2. Algorithm example

Here, the BFS algorithm is explained in blocks, which are roughly divided into the main function main, the BFS algorithm process BFSCore function and the configuration class MyConfig.

2.1 Head file

#include "olap/olap_on_disk.h"   
#include "tools/json.hpp"      //Header files to include when using TuGraph
#include "./algo.h"   //A header file containing various algorithmic logic functions

When using TuGraph to realize the calculation application of graph data files, generally, the StandaloneGraph class object graph is first created, the graph file data is loaded into the graph, and then the graph calculation process is realized by calling the graph logic function, and finally the result of the graph calculation is printed out.

2.2 Configuration class MyConfig

The MyConfig configuration class function is used to provide the configuration information required for the algorithm logic calculation, inherited from ConfigBase , where EdgeDate can choose Empty (unweighted graph), int (the weight of the weighted graph is an integer) or double (the weight of the weighted graph is double) type.

The MyConfig configuration class generally depends on the algorithm, and additional configuration information is required as follows:

Parameters required by the algorithm
Algorithm name
Configure the Print function in the class Other common members inherit from ConfigBase, please refer to src/olap/olap_config.h for reference.

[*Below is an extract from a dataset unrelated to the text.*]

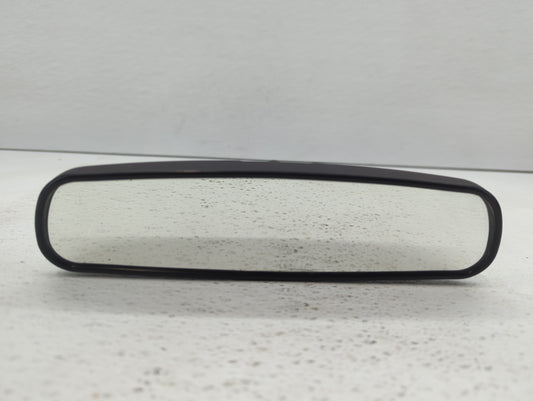 2007-2022 Nissan Sentra Interior Rear View Mirror Replacement OEM P/N:E8011681 031681 Fits OEM Used Auto Parts - Oemusedauto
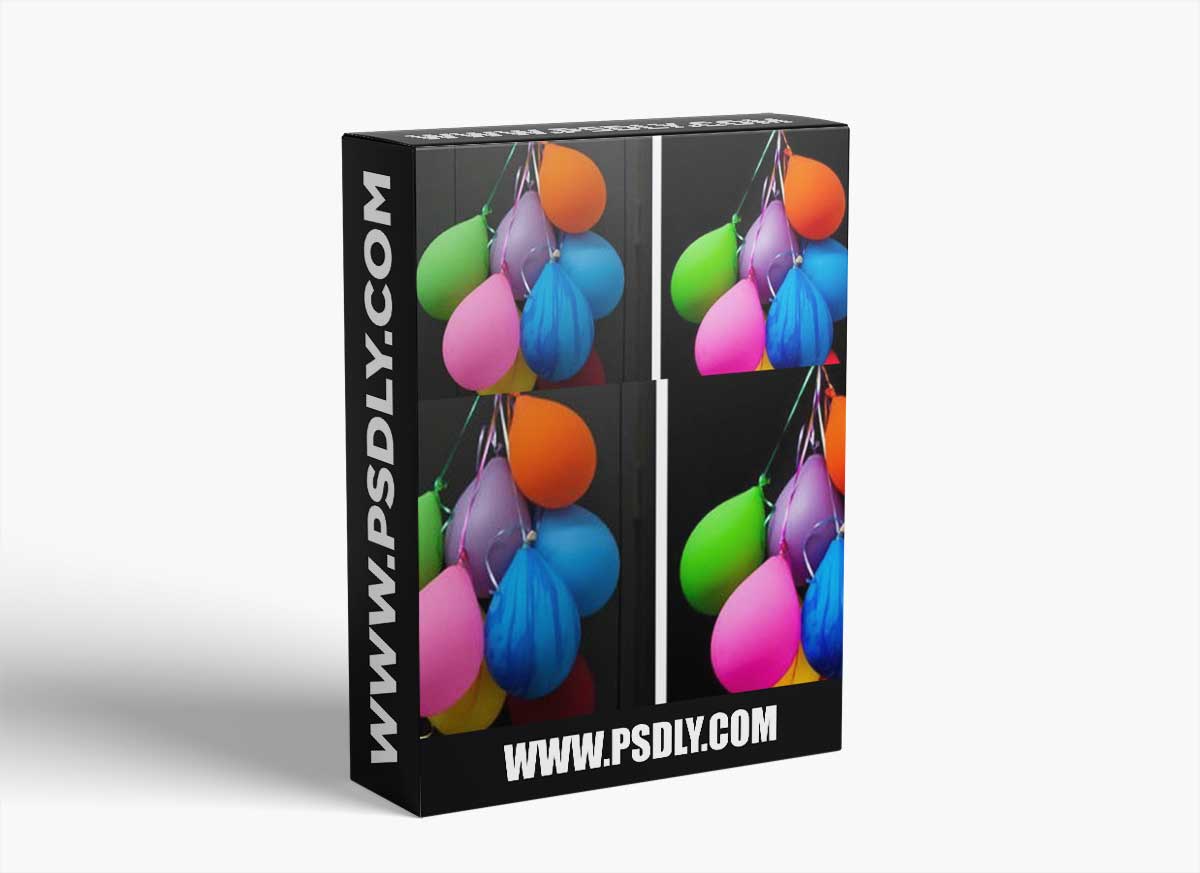 CreativeLive - Bring Out the Best in Every Image with Photoshop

class MyConfig : public ConfigBase<Empty> {
 public:

    // The parameters required by the algorithm are initialized
    size_t root = 0;
    std::string name = std::string("bfs");
    void AddParameter(fma_common::Configuration & config) {
        ConfigBase<Empty>::AddParameter(config);
        config.Add(root, "root", true)
                .Comment("the root of bfs");
    }
    void Print() {
        ConfigBase<Empty>::Print();
        std::cout << "  name: " << name << std::endl;
        if (root != size_t(-1)) {
            std::cout << "  root: " << root << std::endl;
        } else {
            std::cout << "  root: UNSET" << std::endl;
        }
    }
    // The configuration file accepts command line parameters. This use case will sequentially read the parameters when calling the algorithm from the command line. The value specified by the user is preferred. If the user does not specify it, the default parameter is selected.
    MyConfig(int &argc, char** &argv): ConfigBase<Empty>(argc, argv) {
        fma_common::Configuration config;
        AddParameter(config);
        config.ExitAfterHelp(true);
        config.ParseAndFinalize(argc, argv);
        Print();
    }
};

2.3 main function

int main(int argc, char** argv) {
    double start_time;
    // Statistical memory consumption class MemUsage instantiation
    MemUsage memUsage;
    memUsage.startMemRecord();

    // prepare
    start_time = get_time();
    // Configuration class MyConfig instantiation
    MyConfig config(argc, argv);
    size_t root_vid = config.root;
    // OlapOnDisk class instantiation
    OlapOnDisk<Empty> graph;
    graph.Load(config, DUAL_DIRECTION);
    memUsage.print();
    memUsage.reset();
    // Statistical graph loading time consumption
    auto prepare_cost = get_time() - start_time;
    printf("prepare_cost = %.2lf(s)\n", prepare_cost);

    // core
    start_time = get_time();
    // Create an array to count whether a node has been traversed
    auto parent = graph.AllocVertexArray<size_t>();
    // Breadth-first search algorithm, returns the number of nodes connected to the root_vid root node in the graph
    size_t count = BFSCore(graph, root_vid, parent);
    memUsage.print();
    memUsage.reset();
    auto core_cost = get_time() - start_time;
    printf("core_cost = %.2lf(s)\n", core_cost);

    // output
    start_time = get_time();
    // Print relevant information to the terminal
    printf("found_vertices = %ld\n", count);
    auto output_cost = get_time() - start_time;
    printf("output_cost = %.2lf(s)\n", output_cost);

    printf("total_cost = %.2lf(s)\n", prepare_cost + core_cost + output_cost);
    printf("DONE.");

    return 0;
}

2.4 bfs algorithm process

The main process of bfs has two input parameters, the snapshot class (subgraph) and the number of iterations. The overall process can be divided into the following steps:

Relevant definitions and initialization of data structures
Use the batch function to perform cyclic calculations on each node, find all nodes adjacent to the current node in each round, and exchange them when the round ends.
Until all nodes are found, return the number of nodes discovered_vertices.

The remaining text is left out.